In the Dutch study, there were approximately 18 months between sampling with blood spots versus whole-blood. After combining these two blood preparations and then calculating ICCs, the percentage of probes with ICC>0.7 was 97.7% of probes with SD>0.1, 14.96% of probes with means in the inter-quartile range, and 8.5% of all probes. These values are very similar to those in for either whole-blood or buccal cells when calculated separately, indicating comparable agreement despite the change in sample preparation and the elapsed time.
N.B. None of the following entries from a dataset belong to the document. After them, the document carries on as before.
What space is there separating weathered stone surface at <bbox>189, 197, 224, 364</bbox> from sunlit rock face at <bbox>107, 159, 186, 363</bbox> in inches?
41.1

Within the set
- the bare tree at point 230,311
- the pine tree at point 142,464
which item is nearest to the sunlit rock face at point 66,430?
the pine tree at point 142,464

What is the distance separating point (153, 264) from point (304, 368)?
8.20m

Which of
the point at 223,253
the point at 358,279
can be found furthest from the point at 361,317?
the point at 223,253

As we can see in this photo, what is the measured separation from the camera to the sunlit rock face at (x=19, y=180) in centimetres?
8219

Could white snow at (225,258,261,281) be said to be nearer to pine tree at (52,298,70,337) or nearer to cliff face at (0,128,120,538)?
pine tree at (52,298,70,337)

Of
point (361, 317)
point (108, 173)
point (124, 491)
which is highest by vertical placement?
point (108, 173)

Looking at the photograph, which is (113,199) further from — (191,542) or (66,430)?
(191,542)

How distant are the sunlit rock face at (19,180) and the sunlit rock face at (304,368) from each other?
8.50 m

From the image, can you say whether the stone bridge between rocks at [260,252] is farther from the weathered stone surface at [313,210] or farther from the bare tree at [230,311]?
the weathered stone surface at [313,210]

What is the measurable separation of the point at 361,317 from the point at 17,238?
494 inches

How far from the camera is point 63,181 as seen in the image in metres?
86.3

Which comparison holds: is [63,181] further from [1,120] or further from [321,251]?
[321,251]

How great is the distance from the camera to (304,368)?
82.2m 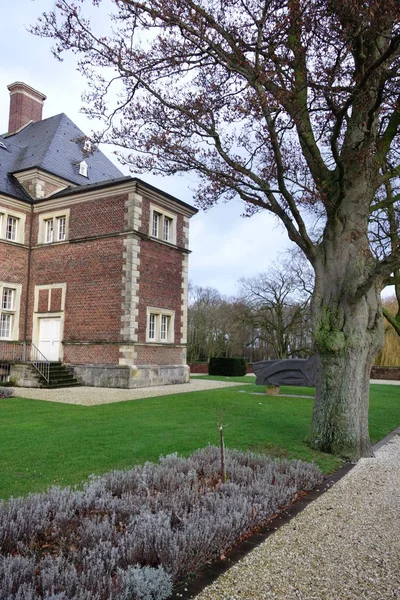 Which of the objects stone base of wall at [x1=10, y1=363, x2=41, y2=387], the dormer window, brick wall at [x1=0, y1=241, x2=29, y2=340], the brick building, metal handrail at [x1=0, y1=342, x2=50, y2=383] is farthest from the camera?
the dormer window

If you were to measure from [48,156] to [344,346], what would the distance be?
19124 mm

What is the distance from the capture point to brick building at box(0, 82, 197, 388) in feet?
58.2

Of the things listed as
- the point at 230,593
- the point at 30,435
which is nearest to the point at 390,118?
the point at 230,593

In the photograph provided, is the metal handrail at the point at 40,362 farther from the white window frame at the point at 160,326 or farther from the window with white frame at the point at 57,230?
the window with white frame at the point at 57,230

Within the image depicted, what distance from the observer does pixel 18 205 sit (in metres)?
20.2

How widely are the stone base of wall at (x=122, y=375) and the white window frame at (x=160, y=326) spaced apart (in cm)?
115

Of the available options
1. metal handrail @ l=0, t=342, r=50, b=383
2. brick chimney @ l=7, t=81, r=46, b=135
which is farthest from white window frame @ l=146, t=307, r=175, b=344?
brick chimney @ l=7, t=81, r=46, b=135

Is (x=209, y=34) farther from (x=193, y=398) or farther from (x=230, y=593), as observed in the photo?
(x=193, y=398)

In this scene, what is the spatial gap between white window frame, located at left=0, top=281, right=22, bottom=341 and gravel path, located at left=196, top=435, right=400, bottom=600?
17.5 metres

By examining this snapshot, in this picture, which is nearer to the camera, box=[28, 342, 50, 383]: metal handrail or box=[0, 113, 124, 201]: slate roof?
box=[28, 342, 50, 383]: metal handrail

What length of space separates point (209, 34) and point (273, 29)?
106 cm

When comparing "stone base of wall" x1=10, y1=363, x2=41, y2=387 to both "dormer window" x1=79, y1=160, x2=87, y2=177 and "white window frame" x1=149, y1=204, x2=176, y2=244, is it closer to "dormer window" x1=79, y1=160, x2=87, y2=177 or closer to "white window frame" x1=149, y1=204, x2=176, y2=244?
"white window frame" x1=149, y1=204, x2=176, y2=244

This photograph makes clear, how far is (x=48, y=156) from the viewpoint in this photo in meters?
22.0

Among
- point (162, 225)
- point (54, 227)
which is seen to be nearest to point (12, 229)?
point (54, 227) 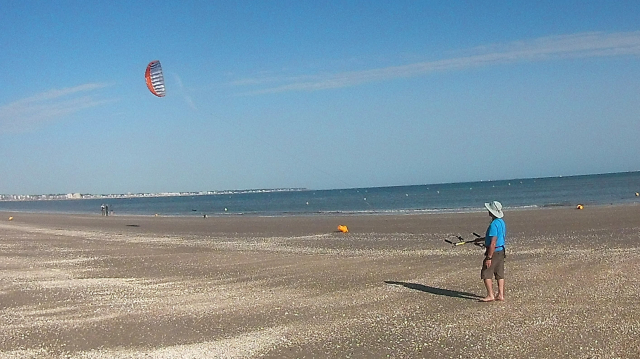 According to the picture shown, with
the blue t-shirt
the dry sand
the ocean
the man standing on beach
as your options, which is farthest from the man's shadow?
the ocean

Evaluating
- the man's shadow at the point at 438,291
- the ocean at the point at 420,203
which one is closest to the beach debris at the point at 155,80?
the man's shadow at the point at 438,291

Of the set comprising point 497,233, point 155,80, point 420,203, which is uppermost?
point 155,80

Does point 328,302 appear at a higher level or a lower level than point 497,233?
lower

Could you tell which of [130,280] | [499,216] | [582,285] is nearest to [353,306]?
[499,216]

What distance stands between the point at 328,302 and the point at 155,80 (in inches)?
521

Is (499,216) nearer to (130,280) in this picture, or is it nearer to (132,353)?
(132,353)

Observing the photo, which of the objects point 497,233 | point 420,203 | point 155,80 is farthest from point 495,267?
point 420,203

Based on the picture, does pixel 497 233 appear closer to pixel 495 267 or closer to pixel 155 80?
pixel 495 267

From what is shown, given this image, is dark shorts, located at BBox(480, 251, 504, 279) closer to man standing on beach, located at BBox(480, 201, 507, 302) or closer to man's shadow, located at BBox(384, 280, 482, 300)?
man standing on beach, located at BBox(480, 201, 507, 302)

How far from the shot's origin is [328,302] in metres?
10.0

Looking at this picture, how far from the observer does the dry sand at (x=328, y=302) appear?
7395 mm

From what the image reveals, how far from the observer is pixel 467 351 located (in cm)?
698

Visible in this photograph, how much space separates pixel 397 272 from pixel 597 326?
5.58 metres

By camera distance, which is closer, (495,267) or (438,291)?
(495,267) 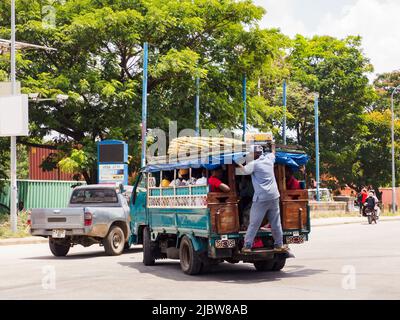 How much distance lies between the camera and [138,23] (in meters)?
31.5

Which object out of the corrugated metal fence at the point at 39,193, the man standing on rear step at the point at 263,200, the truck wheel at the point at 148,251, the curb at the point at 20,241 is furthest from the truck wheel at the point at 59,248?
the corrugated metal fence at the point at 39,193

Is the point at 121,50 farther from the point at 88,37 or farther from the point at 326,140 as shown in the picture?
the point at 326,140

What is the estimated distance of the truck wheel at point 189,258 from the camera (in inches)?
503

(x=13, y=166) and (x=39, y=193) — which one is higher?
(x=13, y=166)

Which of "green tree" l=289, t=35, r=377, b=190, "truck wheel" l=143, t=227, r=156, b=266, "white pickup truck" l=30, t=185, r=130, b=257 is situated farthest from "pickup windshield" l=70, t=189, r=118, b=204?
"green tree" l=289, t=35, r=377, b=190

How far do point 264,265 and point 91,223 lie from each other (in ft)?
16.6

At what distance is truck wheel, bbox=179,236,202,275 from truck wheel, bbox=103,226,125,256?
14.3 ft

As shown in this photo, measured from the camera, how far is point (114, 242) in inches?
697

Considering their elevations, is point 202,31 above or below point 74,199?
above

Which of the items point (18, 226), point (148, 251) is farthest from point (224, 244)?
point (18, 226)

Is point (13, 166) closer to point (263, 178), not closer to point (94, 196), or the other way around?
point (94, 196)

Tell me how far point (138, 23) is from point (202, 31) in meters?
3.86

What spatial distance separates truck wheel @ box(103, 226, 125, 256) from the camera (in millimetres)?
17438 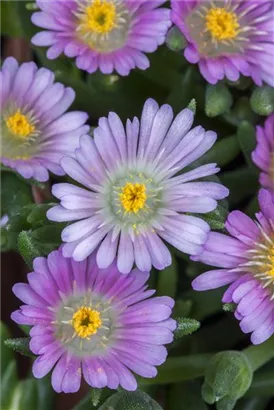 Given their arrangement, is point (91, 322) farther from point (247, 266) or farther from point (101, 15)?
point (101, 15)

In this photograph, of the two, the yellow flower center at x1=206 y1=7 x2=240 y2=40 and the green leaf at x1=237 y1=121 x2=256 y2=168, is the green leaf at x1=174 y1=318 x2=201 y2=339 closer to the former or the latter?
the green leaf at x1=237 y1=121 x2=256 y2=168

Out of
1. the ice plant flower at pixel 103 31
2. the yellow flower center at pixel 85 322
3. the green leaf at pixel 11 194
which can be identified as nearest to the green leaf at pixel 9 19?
the ice plant flower at pixel 103 31

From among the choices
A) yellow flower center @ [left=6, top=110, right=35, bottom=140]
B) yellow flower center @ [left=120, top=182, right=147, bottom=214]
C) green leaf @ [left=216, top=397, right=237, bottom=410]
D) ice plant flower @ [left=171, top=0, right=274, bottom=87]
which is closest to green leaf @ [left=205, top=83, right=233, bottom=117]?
ice plant flower @ [left=171, top=0, right=274, bottom=87]

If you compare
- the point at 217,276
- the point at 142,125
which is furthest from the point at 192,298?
the point at 142,125

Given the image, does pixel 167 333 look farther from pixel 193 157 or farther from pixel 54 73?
pixel 54 73

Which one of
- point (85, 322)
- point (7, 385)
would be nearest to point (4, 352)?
point (7, 385)

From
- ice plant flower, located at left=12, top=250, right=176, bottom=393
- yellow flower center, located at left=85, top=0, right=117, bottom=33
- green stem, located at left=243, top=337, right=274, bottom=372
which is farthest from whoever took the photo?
yellow flower center, located at left=85, top=0, right=117, bottom=33

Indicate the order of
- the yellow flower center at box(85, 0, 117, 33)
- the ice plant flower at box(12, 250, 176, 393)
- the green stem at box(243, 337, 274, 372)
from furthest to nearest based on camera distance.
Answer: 1. the yellow flower center at box(85, 0, 117, 33)
2. the green stem at box(243, 337, 274, 372)
3. the ice plant flower at box(12, 250, 176, 393) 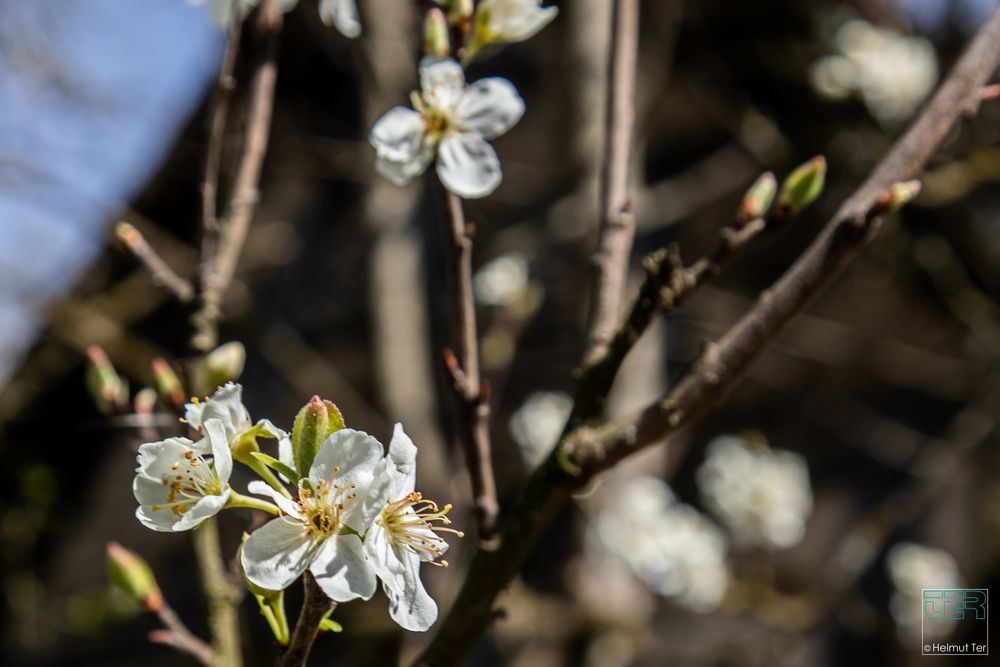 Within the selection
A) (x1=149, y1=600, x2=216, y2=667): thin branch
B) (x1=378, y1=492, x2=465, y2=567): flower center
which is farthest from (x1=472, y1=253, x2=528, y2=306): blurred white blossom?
(x1=378, y1=492, x2=465, y2=567): flower center

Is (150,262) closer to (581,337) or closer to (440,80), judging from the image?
(440,80)

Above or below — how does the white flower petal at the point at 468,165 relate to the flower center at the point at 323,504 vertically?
above

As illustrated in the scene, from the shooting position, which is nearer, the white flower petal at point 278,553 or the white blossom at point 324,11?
the white flower petal at point 278,553

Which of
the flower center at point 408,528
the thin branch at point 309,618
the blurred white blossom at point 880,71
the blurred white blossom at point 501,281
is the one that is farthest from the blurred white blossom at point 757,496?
the thin branch at point 309,618

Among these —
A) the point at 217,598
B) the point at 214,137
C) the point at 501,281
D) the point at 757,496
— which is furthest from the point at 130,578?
the point at 757,496

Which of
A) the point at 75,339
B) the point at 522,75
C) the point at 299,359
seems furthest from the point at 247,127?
the point at 522,75

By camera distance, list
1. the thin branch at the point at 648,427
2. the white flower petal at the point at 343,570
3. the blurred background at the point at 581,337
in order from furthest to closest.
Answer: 1. the blurred background at the point at 581,337
2. the thin branch at the point at 648,427
3. the white flower petal at the point at 343,570

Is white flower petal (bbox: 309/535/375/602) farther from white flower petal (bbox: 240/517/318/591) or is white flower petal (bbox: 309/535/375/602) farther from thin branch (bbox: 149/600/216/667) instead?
thin branch (bbox: 149/600/216/667)

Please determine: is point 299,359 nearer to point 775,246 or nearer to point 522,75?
point 522,75

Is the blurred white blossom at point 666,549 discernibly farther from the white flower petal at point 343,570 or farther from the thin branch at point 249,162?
the white flower petal at point 343,570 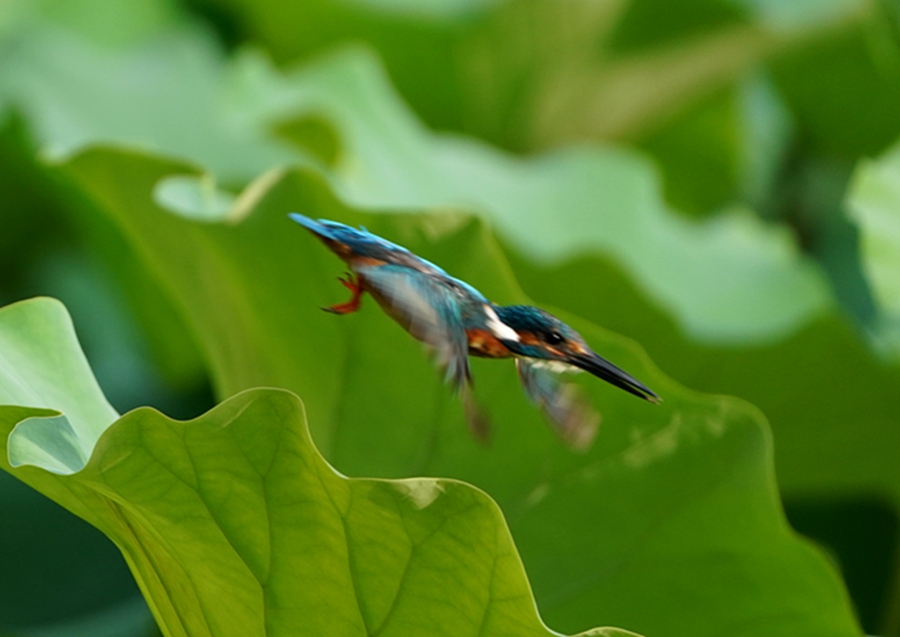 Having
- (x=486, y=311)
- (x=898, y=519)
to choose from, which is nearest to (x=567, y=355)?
(x=486, y=311)

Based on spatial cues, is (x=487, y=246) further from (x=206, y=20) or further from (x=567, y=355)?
(x=206, y=20)

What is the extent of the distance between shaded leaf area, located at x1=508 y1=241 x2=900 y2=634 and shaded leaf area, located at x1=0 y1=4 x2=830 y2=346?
95 mm

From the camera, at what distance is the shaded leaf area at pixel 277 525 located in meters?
0.40

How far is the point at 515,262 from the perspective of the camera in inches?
37.2

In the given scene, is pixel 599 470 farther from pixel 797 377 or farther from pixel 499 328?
pixel 797 377

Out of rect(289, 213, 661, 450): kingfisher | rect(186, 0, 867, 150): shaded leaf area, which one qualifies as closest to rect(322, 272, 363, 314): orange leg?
rect(289, 213, 661, 450): kingfisher

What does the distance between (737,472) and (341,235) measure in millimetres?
342

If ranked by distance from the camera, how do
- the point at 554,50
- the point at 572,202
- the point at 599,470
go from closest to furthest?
the point at 599,470, the point at 572,202, the point at 554,50

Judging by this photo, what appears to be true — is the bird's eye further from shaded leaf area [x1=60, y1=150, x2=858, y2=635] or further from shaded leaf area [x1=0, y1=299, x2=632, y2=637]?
shaded leaf area [x1=60, y1=150, x2=858, y2=635]

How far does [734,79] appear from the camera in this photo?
1.70m

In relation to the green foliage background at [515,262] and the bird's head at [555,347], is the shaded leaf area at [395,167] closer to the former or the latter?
the green foliage background at [515,262]

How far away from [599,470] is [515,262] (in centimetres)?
37

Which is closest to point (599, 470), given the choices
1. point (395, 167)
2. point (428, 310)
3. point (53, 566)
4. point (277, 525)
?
point (277, 525)

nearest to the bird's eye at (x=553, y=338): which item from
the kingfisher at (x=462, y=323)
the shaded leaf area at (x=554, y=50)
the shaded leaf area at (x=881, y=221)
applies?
the kingfisher at (x=462, y=323) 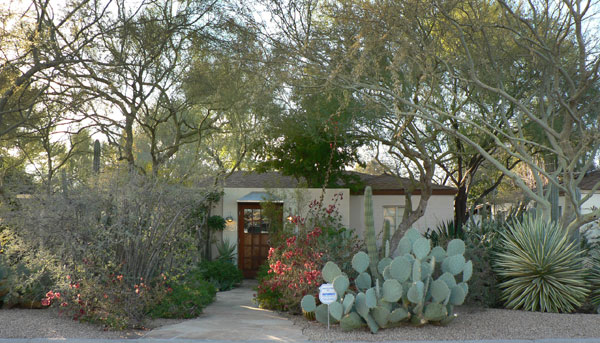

We examined the overlap between probes showing significant results in the linear regressions for elapsed time and the probes identified by Horvath [Citation3] as being associated with age. The epigenetic clock is a cross-tissue predictor of biological age that has been associated with a range of health outcomes. Out of 4249 sites associated with time between samples (P<0.01) in the Canadian data, there were only 3 probes in common with Horvath's 353 age-sensitive probes (P value = 1.0 for Fisher's exact test of independence). However, the interval for all longitudinal samples collected within the Canadian study falls within the standard error (SE) of the epigenetic clock predictor (3.6 years). In line with this, in the Dutch study we found no significant differences in epigenetic age or age acceleration with longitudinal whole-blood, dried blood spot, or buccal samples. There was a significant correlation between estimates of age acceleration, as assessed in both whole-blood and dried blood spots (r≥0.693, P = 6.995e-4). In contrast, the correlation between epigenetic age acceleration as determined in buccal cells was not as strongly or significantly correlated with age acceleration measures determined in dried blood spots (r≤0.468, P = 0.0372) or whole-blood (r≤0.513, P = 0.0207). This is not surprising since Horvath used whole-blood in developing his predictor. Note that here we defined age acceleration as the residuals from a linear model of DNA methylation age regressed on chronological age (as suggested by Horvath in the FAQ of his online age calculator [Citation3]). Furthermore, correlations between chronological age and epigenetic age were high for all three tissues (0.92 for buccal samples, 0.94 for blood spots, and 0.95 for whole-blood).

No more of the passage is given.